§ Action item
Begin with the line holding "Dog sitting at the beach" and end with the last line of the records below. Set down exactly those lines and leave out every picture.

§ Stored data entries
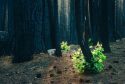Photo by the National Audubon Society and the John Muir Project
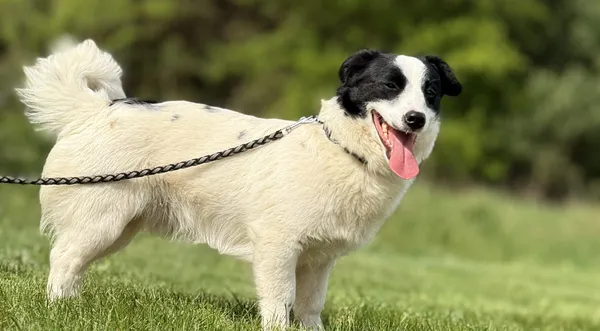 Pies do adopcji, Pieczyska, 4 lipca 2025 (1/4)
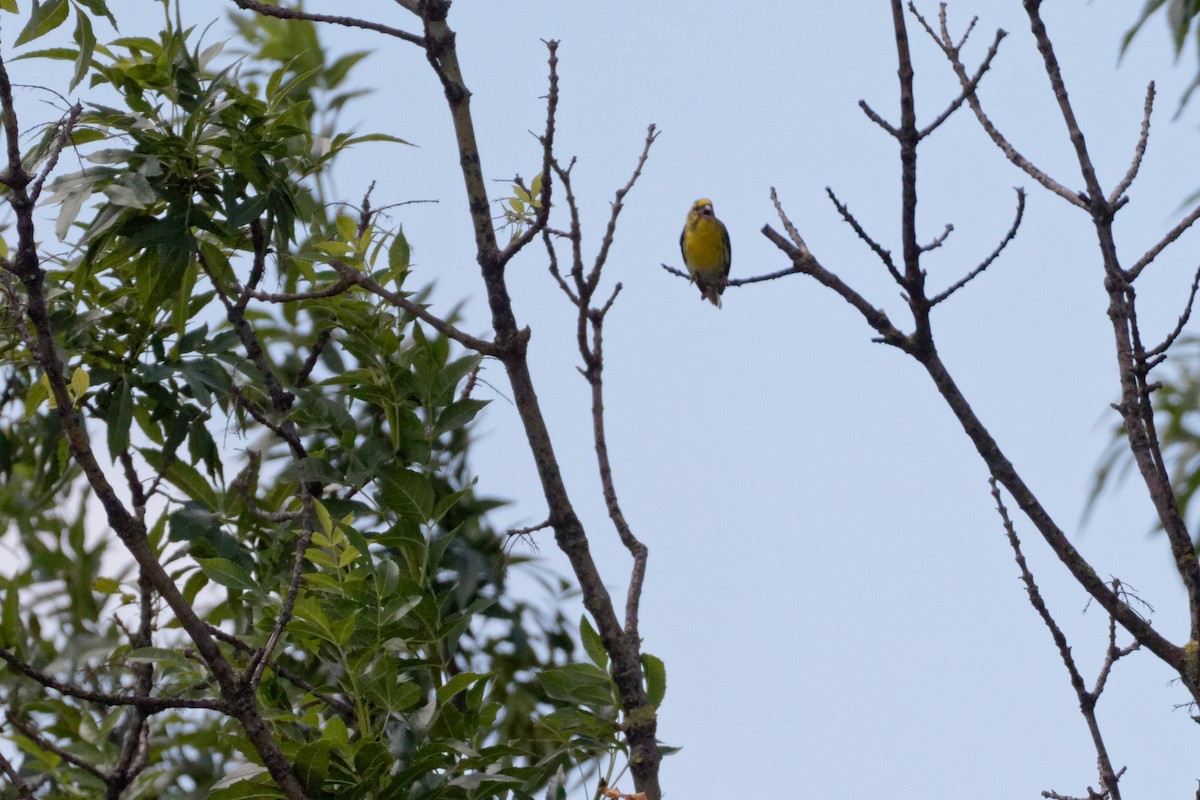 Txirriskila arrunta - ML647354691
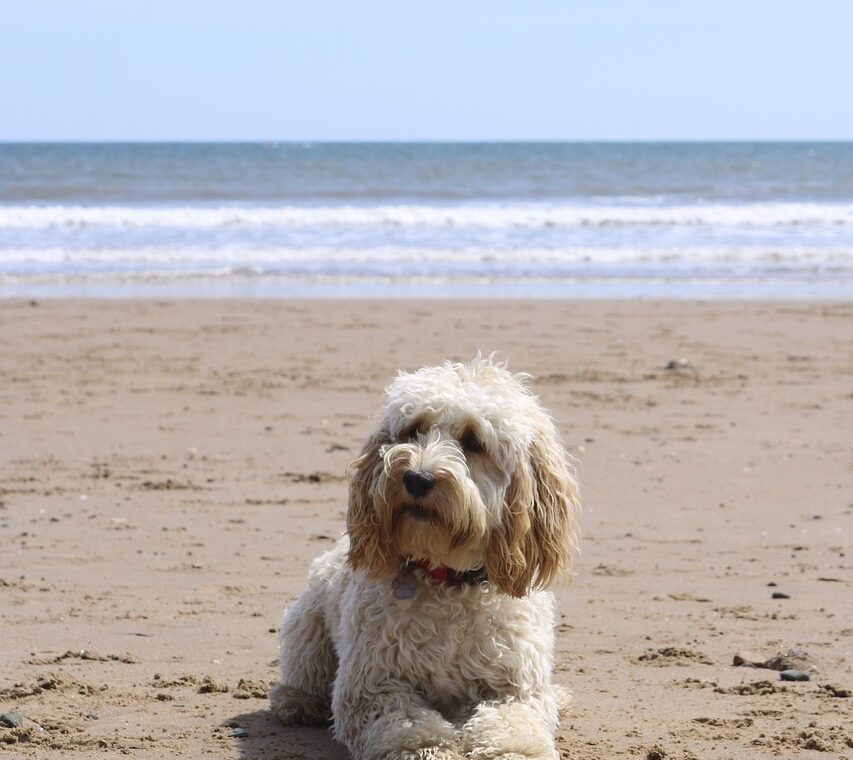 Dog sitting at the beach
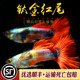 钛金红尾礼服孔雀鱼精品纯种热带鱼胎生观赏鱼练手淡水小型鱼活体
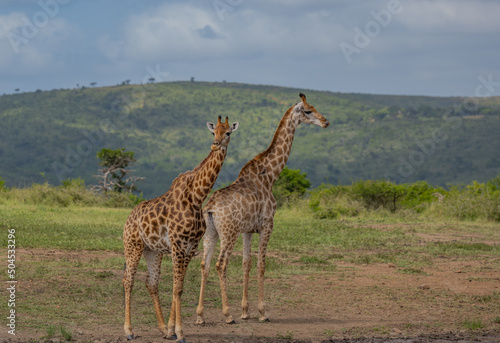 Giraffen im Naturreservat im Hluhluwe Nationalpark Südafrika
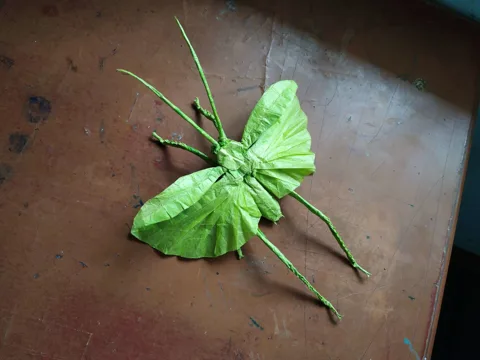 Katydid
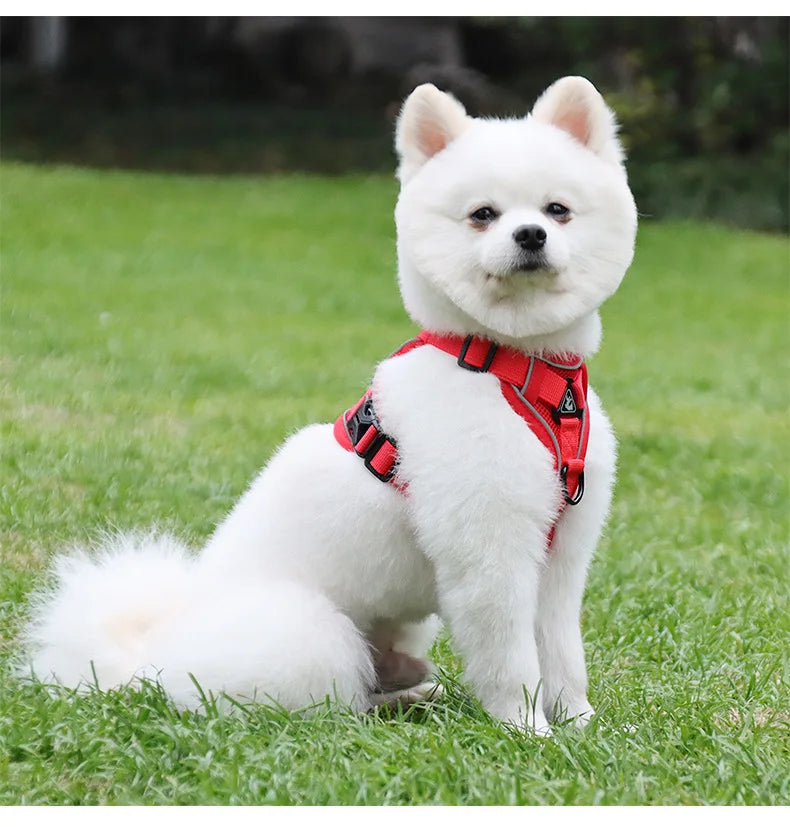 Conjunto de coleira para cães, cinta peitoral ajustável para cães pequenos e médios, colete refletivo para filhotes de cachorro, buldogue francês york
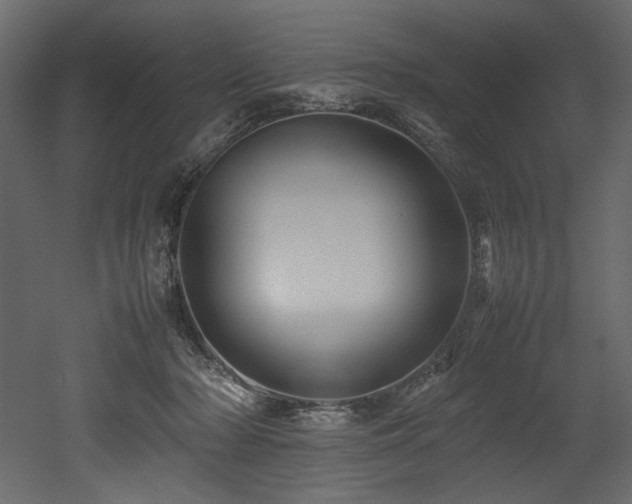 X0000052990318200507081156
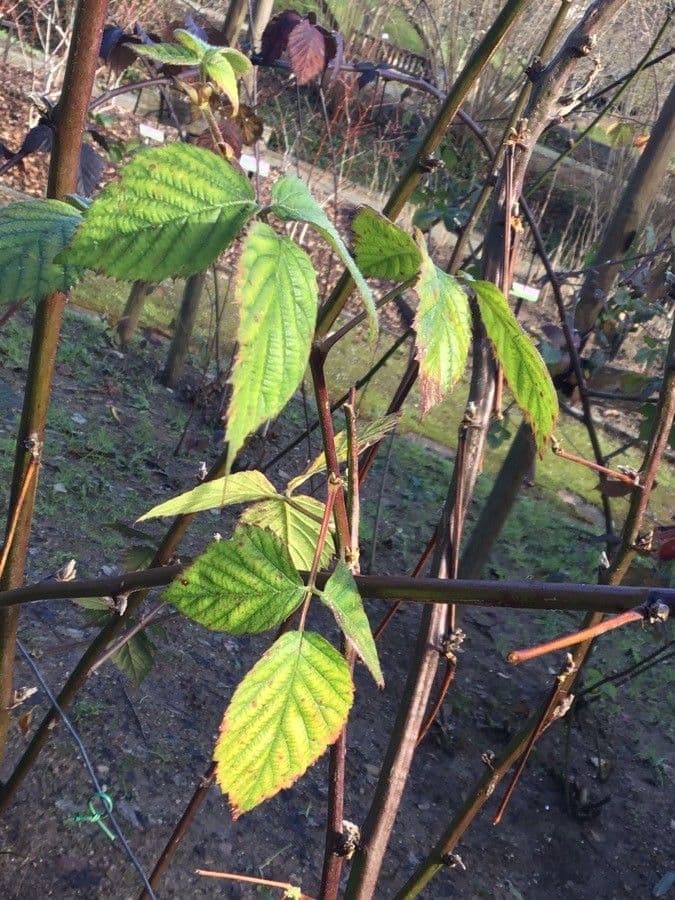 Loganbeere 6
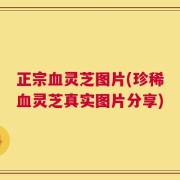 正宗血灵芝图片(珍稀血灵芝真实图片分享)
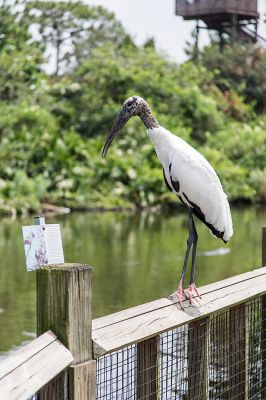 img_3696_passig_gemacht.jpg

§ Completed exercise
 Dog sitting at the beach
 钛金红尾礼服孔雀鱼精品纯种热带鱼胎生观赏鱼练手淡水小型鱼活体
 Giraffen im Naturreservat im Hluhluwe Nationalpark Südafrika
 Katydid
 Conjunto de coleira para cães, cinta peitoral ajustável para cães pequenos e médios, colete refletivo para filhotes de cachorro, buldogue francês york
 X0000052990318200507081156
 Loganbeere 6
 正宗血灵芝图片(珍稀血灵芝真实图片分享)
 img_3696_passig_gemacht.jpg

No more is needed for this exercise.